近年来，机器学习取得了巨大成功，深层神经网络使得许多机器学习算法有了显著改进，并在实际应用受益匪浅。然而为每个新任务或新领域收集和注释数据集是一个非常昂贵且耗时的过程，而且不一定存在足够多的数据能进行训练。在没有足够标记数据的情况下，不仅训练出适合样本数据的分类器成为一个难题，而且依赖于大型标记数据集的深度网络体系结构的优势也会消失。而领域自适应学习解决的就是将分类器从源域(训练场景)适配到目标域(测试场景)的问题^[1]，因此可以为有标签数据短缺的实验提供高效可行的解决方案。

实际中由于照明、姿态和图像质量等多重因素的影响，训练良好的源模型可能会严重降低测试图像的分类性能^[2]。
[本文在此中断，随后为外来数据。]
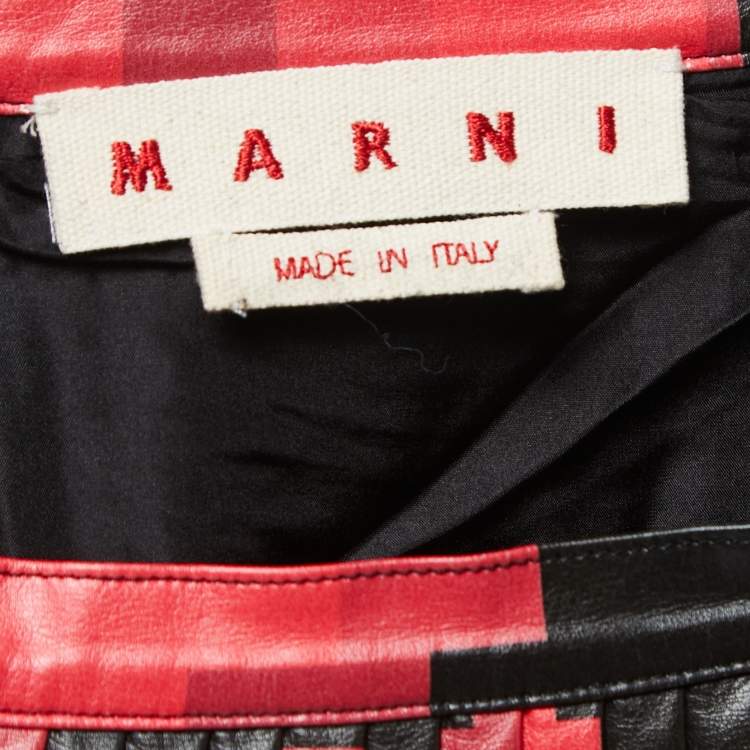 Pre Owned Marni Black & Red Pixel Printed faux Leather Plisse Midi Skirt M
源域和目标域的样本分布虽然不同，但二者是具有相关性的^[3]。领域自适应方法从源域的标记数据和目标域的未标记数据中提取域不变特征，建立更优秀的学习模型以提高最终的分类器性能^[4]。

目前，领域自适应已成功应用于图像分类^[5]、人脸识别^[6]和对象检测^[7]等多种现实世界的机器学习任务当中。Tzeng等人^[8]引入深度域混淆(DDC)架构来学习最后隐藏层中源域和目标域的域不变特征。Long等人^[9-10]提出一种深度自适应网络(DAN)进行多层适配来学习两个领域间的可迁移特征，随后在DAN的基础上，提出了联合自适应网络(JAN)，基于联合最大均值差异(JMMD)进行多个领域特定层的联合分布，使得源域和目标域的分布更加可区分。

虽然这些方法都可以取得有效的结果，但不同程度地受到了一定限制。1)面对新的目标领域时，必须重新开始训练深度网络，不能直接使用已训练好的网络模型，导致时间和资源浪费。2)分类能力受所选基础网络限制，适应过程不能提高基础设施网络的泛化能力，限制了实际性能。

针对上述问题，本文提出了一种基于多层校正的领域自适应方法。该方法适用于无监督的深度网络，不需要目标提供标签，大大减少了标记成本。添加的多层校正能调整现有的深度网络，使得源域和目标域的数据表示可以完美对齐。利用多层权值最大均值差异来适应目标域，使得源域和目标域的数据分布能更好地进行适配，这样可以有效地减少实质性的域差异，同时叠加的附加层还可以加深基础架构，提高网络的表示能力。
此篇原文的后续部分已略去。